IT just a bit of a learning curve.... but yes, without a real standard regarding lighting, it can get a bit mind boggling when you are starting out. 

At the end of the day, you already have the light coming, so you'll figure out soon enough what you need to do once you see how the tank responds.


----------



## don (Nov 29, 2011)

Rmwbrown said:


> IT just a bit of a learning curve.... but yes, without a real standard regarding lighting, it can get a bit mind boggling when you are starting out.
> 
> At the end of the day, you already have the light coming, so you'll figure out soon enough what you need to do once you see how the tank responds.

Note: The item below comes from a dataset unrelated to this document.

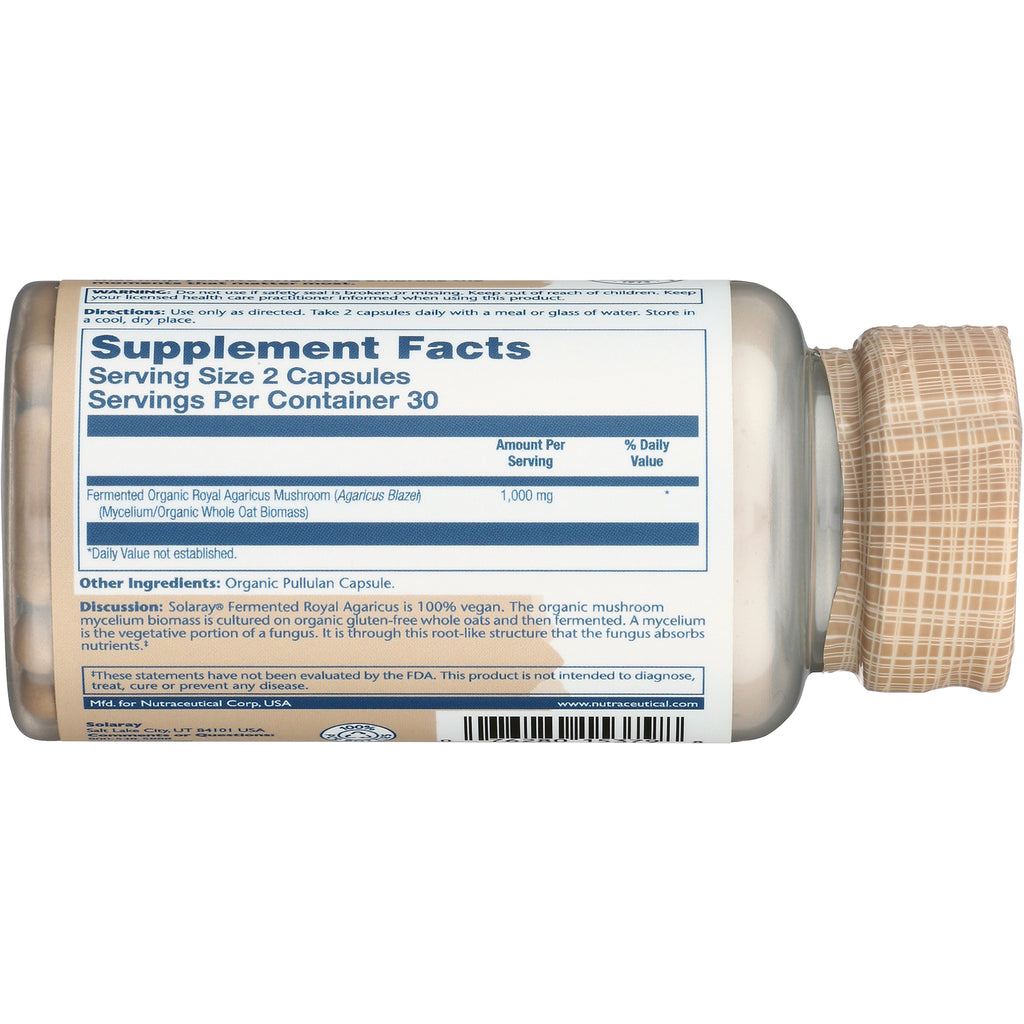 SLR465 | Back label with Supplement Facts, serving size 2 capsules, 30 servings per container - Thumbnail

is a daylight white actinic suitable for plants with the combination of a 6500k bulb? t5h0 2 bulb strip. for my 38?


----------



## Kooka (Feb 8, 2011)

don said:


> I checked out that link with the charts for lighting but im confused on how to determine how many bulbs would be sufficient depending on the tank gallons. For example it says a 20" high tank would have "high" light with a double t5ho fixture, does that take into account the size of the tank, mine being 38. How would you apply that information to a tank that is 75 gallons with the same height though?
> 
> reason im asking this now is bc i canceled the order on the triple t5ho hood because I heard numerous complaints and warnings about them possibly causing a fire, what would be the perfect lighting for my tank?


LOL, I think I know which light fixture you're talking about... and guess what, I just got my 48" Oddysea 4 bulb t5HO yesterday and so far so good! From what I've read, one or two people in the US had their metal halide fixtures go up in flames several years ago. Recently they have siginificantly improved their quality, and that's why I decided to try one out. Obviously you can't compare these to your standard $500 fixture you buy at BA's but for $145 shipped it does its job very well. (more on that to come  )

Honestly, without CO2 (pressurized or DIY) you will not be able to grow HC successfully so don't bother. Even if you do the dry start method, and then you submerse it, after about a month you will see it slowly deteriorate. If you're not into CO2/dosing ferts, go with a dual strip T5HO with either two 6500k or 6500k/10000k bulbs and go from there.


----------



## don (Nov 29, 2011)

lol, exactly... I ended up buying one of kijiji, hagen double t5h0 and the tank is looking brigther than ever.. im gonna make a new post of my progress to date. Everyone here has been very helpful so far, thanks


----------